Divorce and Remarriage — What Does the Bible Say?

Few topics are more pastorally sensitive than divorce. Discover what Jesus and Paul teach about divorce, what exceptions exist, and how the church should respond with both truth and grace.

📖 Key Scriptures

Matthew 19:4-9, 1 Corinthians 7:15, Malachi 2:16

A Question Jesus Was Asked

The Pharisees came to Jesus with a test question: "Is it lawful to divorce one's wife for any cause?" (Matthew 19:3). This was a live debate among Jewish teachers of the day. Jesus' answer went behind the controversy to the beginning.

God's Original Design

Jesus' response to the divorce question was to redirect attention to creation: "Have you not read that he who created them from the beginning made them male and female, and said, 'Therefore a man shall leave his father and his mother and hold fast to his wife, and the two shall become one flesh'?" (Matthew 19:4-5).

God's original design was a permanent, exclusive, one-flesh union. "What therefore God has joined together, let not man separate." (Matthew 19:6). Divorce is a departure from God's design — a concession to human hardness of heart (Matthew 19:8), not a feature of God's original intention.

The Exceptions

Jesus' teaching on divorce includes what is often called the "exception clause":

And I say to you: whoever divorces his wife, except for sexual immorality, and marries another, commits adultery. — Matthew 19:9

Sexual immorality (porneia) — the persistent, unrepentant breaking of the sexual covenant — is the exception Jesus permits for divorce.

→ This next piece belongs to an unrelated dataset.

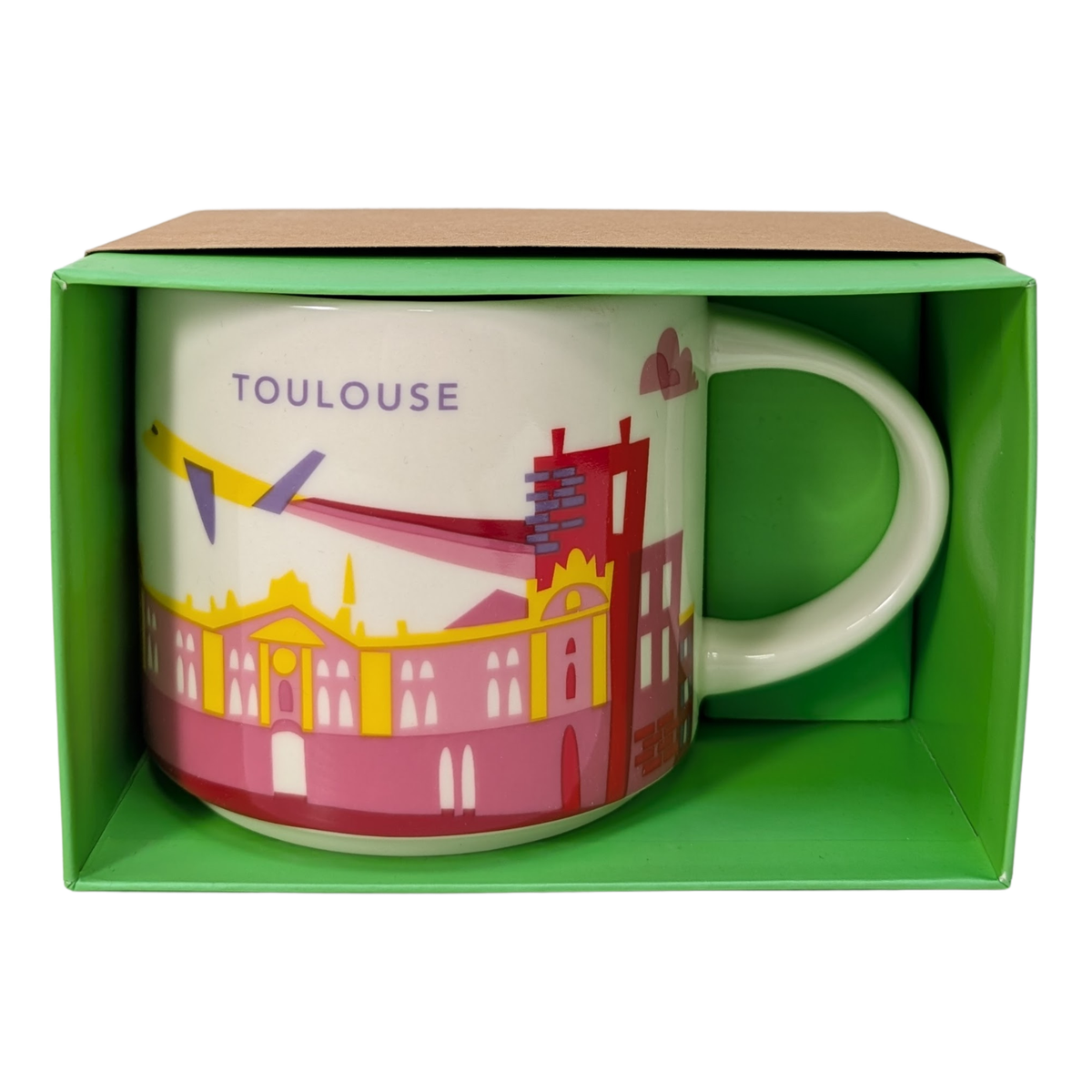 Starbucks You Are Here Series Toulouse Ceramic Mug, 14 Oz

Paul adds a second ground in 1 Corinthians 7:15: if an unbelieving spouse abandons a believing spouse, the believer is "not enslaved" — the marriage bond may be considered broken by the desertion.

Divorce Is Never Required

It is important to note that even where divorce is permitted, it is never required. Forgiveness, reconciliation, and the restoration of the marriage is always the higher path where possible. The exception permits divorce in cases of sexual immorality — it does not command it.

Remarriage

Whether divorced people may remarry is a question on which sincere Christians hold different positions. The stricter view holds that remarriage is only permissible after the death of a spouse. The more common evangelical view holds that remarriage is permissible where a divorce was for biblical grounds (sexual immorality or abandonment).

Grace for the Divorced

Whatever the biblical conclusions on divorce, the church must hold them with pastoral grace. Many people come to faith carrying the weight of failed marriages. The God who forgives all sin offers complete grace and a fresh start to every person — including those whose marriages have ended.